18 September 2008

Pulang Bertiga

Wanita hamil (besar) itu melangkah pasti menuju sang pria. Saling pandang sejenak, lalu diberikannya barang bawaannya kepada sang pria. Dipakainya jaket penutup tubuh, sapu tangan penutup hidung dan mulut. Disempatkannya merapikan rambut sejenak sebelum memakai helm pelindung kepala itu. Lalu, dilangkahkannya kakinya untuk duduk di belakang sang pria.

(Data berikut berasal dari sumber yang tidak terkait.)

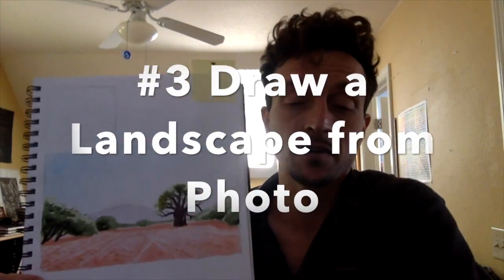Another prompt - and I did a whole video about this - is to draw a landscape from a photo. You can draw from a photo someone else took, but I prefer drawing landscapes from photos of my own. If you've taken photos on other nature journaling outings, look through them now - you probably have a ton of cool ones. Find one and watch my video about how to draw a landscape from a photo.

Sebagai orang yang tidak bisa mengendarai sepeda motor dan jarang menggunakan jasa ojek untuk jarak jauh, saya sangat khawatir melihat uraian di atas. Dengan motor, serasa tubuh kitalah yang melaju di jalan raya. Berbeda dengan naik kereta atau mobil, tubuh kita berada di suatu ruang tertutup yang melaju di jalan raya. Jika terjadi tabrakan, kulit tubuh kita yang bergesekan dengan jalan raya bukan ‘kulit’ mobil kita.

Ilustrasi di atas didukung oleh sebuah artikel di berita online AntaraNews. Pada tahun 2007, dari 3,522 kasus kecelakaan di jalan raya Jakarta, sebanyak 88% melibatkan sepeda motor dengan 719 korban tewas, 1,703 luka berat dan 2,454 luka ringan. Itu hanyalah yang tercatat…

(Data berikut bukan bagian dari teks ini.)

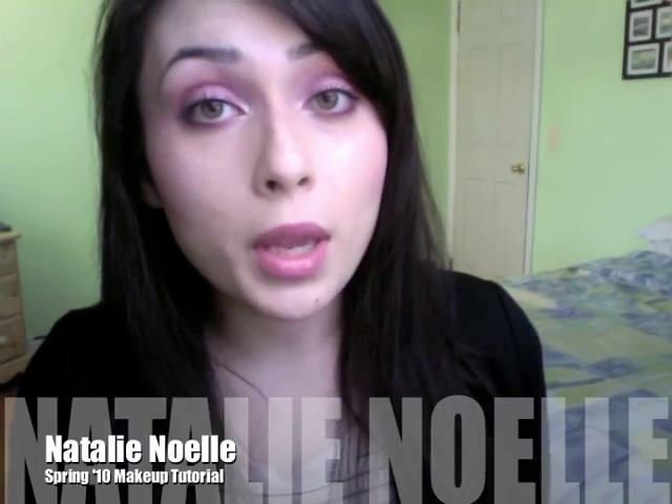Hey everyone, today's video is going to be about two trends shown at New York Fashion Week. The first is Pale and Dandy, which incorporates very luminous, almost moonlit skin, and a very defined brow or no brow at all. Since mine are kind of dark, I decided not to fill them in. The next trend is Diatribe, which includes sheer washes of color — described as light shown through colored glass onto your skin. I chose pink today, but you don't have to use the same shades. It's a very easy, bright, and fresh look, perfect for spring.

Di sisi lain, menggunakan sepeda motor sangat membantu dalam melintasi jalanan Jakarta yang seringkali macet. Sepeda motor telah menjadi pahlawan bagi banyak orang dalam perjuangan pulang-pergi ke tempat kerja, berbisnis jual beli barang/jasa, mengantar pulang wanita pujaan hati, dan mudik ke kampung halaman saat Lebaran. Beberapa kalangan juga menganggap ‘pahlawan’ yang satu ini tidak sulit digapai; kredit dibuka pada harga 5 lembar uang seratus ribu rupiah. Tidak heran jutaan unit hilir mudik di kota Jakarta saja.

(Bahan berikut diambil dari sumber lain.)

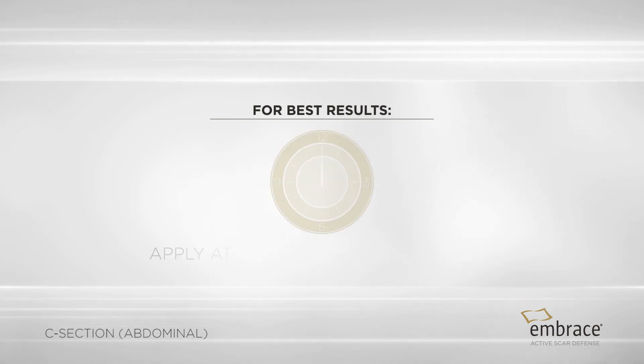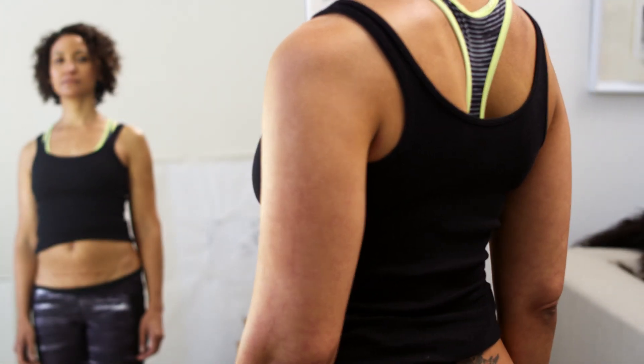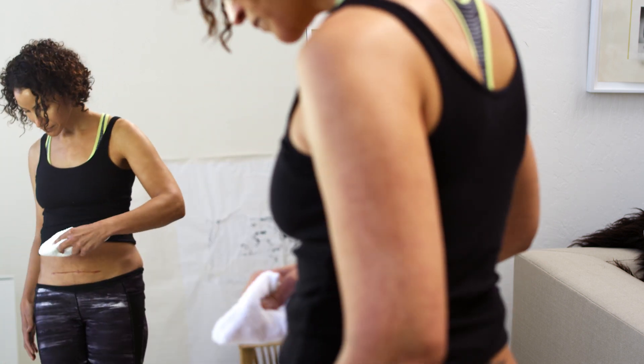For best results, we recommend applying at night at least two hours before bed. Use a mirror for guidance and avoid bending to look at your scar while applying Embrace. Bending over to check the dressing during application could add excess tension and make wearing Embrace uncomfortable.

Arus pulang (kerja) di hari Jumat malam adalah yang paling deras. Malam itu, 29 Agustus 2008 bahkan lebih deras lagi, Jumat terakhir sebelum memasuki bulan Ramadhan. Jumat malam itu, pasrah menanti bus Jakarta-Bogor ‘Danau Bogor Raya’ yang terlambat lebih dari 40 menit, kami bertiga (saya, Devi, dan Hendi) menyaksikan mereka bertiga (wanita hamil, sang pria, dan sang calon anak) melaju menjauhi perhentian sepeda motor di depan gedung Sampoerna Strategic , Jakarta Pusat.

4 comments:

Berly said...

Ini kok nyambung banget ama salah satu posting di kafe depok yah.
Tp setuju, motorist di Jakarta taking too much risk

steisimileiva said...

@berly: iya, kebetulan banget! Ulasan di kaFE depok dibuat dari sisi penawaran solusinya, yang tentunya dengan ilmu2 FE (ekonomi). http://kafedepok.blogspot.com/2008/09/how-to-make-motorist-behave.html

Wijoyo Simanjuntak said...

salam kenal yah...

saya tanggapi dikit yah...menurut saya, bentuk kredit konsumtif seperti kredit motor itu cukup merusak moral juga sih...terlalu membuat masyarakat ingin memiliki, walaupun secara ekonomi belum mampu. Di lain pihak, penggunaan motor juga memang tidak aman dibanding mobil. Mereka berharap, dgn memakai motor, bisa mengurangi pengeluaran utk transportasi...

tanya kenapa?

steisimileiva said...

@wbfs: salam kenal juga!

Indonesia negeri tercinta kita ini memang masih perlu banyak dibantu dalam hal infrastruktur transportasi... bayangkan betapa terbantunya para pekerja yang lalu lalang setiap harinya (seperti saya dulu) jika transportasi umum terjangkau, nyaman, aman...

berminat membantu?? tanya bagaimana??